Polyphenols are a large and diverse group of aromatic-rich plant metabolites that have been identified in a number of food sources and dietary supplements such as cranberry juice, grape seeds, pomegranate and unripe apple peels (Holderness et al., 2008, Terra et al., 2007). Large, oligomeric procyanidins (OPCs) bind to and precipitate basic proline-rich proteins found in saliva (Charlton et al., 2002, Holderness et al., 2008). Antiviral effects of many different types of polyphenols, including monomeric and hydrolysable tannins are described (Haidari et al., 2009). Greater evidence suggests that the robust anti-viral activity is contained in larger order or oligomeric fractions [OPCs; also referred to as condensed tannins or oligomeric proanthocyanidins (Feng et al., 2008, Hauber et al., 2009, Su et al., 2010, Takeshita et al., 2009, Zhuang et al., 2009)]. For example, large-sized OPCs from blueberry leaves block the replication of hepatitis C virus (HCV) RNA in a subgenomic replicon expression system (Takeshita et al., 2009). Additionally, a procyanidin-rich extract from French Maritime Pine blocks HIV-1 intracellular replication and binding to host cells, although the precise mechanisms were not discovered (Feng et al., 2008). Although direct antiviral interaction between OPCs and virus is demonstrated for a variety of viral agents, the descriptions of precise effects are largely limited to blocking early steps in viral entry in cell lines, which is not necessarily relevant to their natural infection in vivo.
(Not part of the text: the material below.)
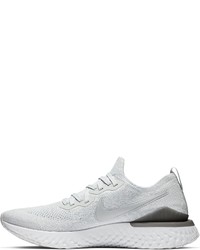 graue Sportschuhe von Nike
We recently identified OPCs derived from unripe apple peels, found in the dietary supplement Applepoly^®, as stimulatory to innate lymphocytes. This response is specific to the oligomeric and not monomeric procyanidins, indicating a unique, non-antioxidant response (Holderness et al., 2007, Holderness et al., 2008). We hypothesized that OPCs would also demonstrate antiviral effects. This potential was tested during DENV infection of human PBMCs. Addition of OPCs to DENV-infected cells consistently decreased viral titers in vitro. As expected, this effect was due, in part, to reduction of infectious titers by direct interaction of OPCs with DENV. The potential for enhanced innate responses to virus infection in the presence of OPCs was also characterized. Results indicated that OPCs enhanced innate immune responses during DENV infection in part by altering expression of genes and proteins in the type I IFN (IFN I) pathway. During high MOI infections, addition of OPCs appeared to circumvent DENV-specific mechanisms that block these pathways. OPCs also enhanced phosphorylation of STAT2 in response to recombinant IFN I and affected cells in low MOI infected cultures, by increasing expression of STAT1 transcripts, MHC I and TNFα protein. Thus, OPCs induced innate antiviral responses that may be broadly applicable to other viral infections. To our knowledge, this study is the first to identify stimulation of critical antiviral innate responses by OPCs in target cells that are highly relevant to viral infection in vivo.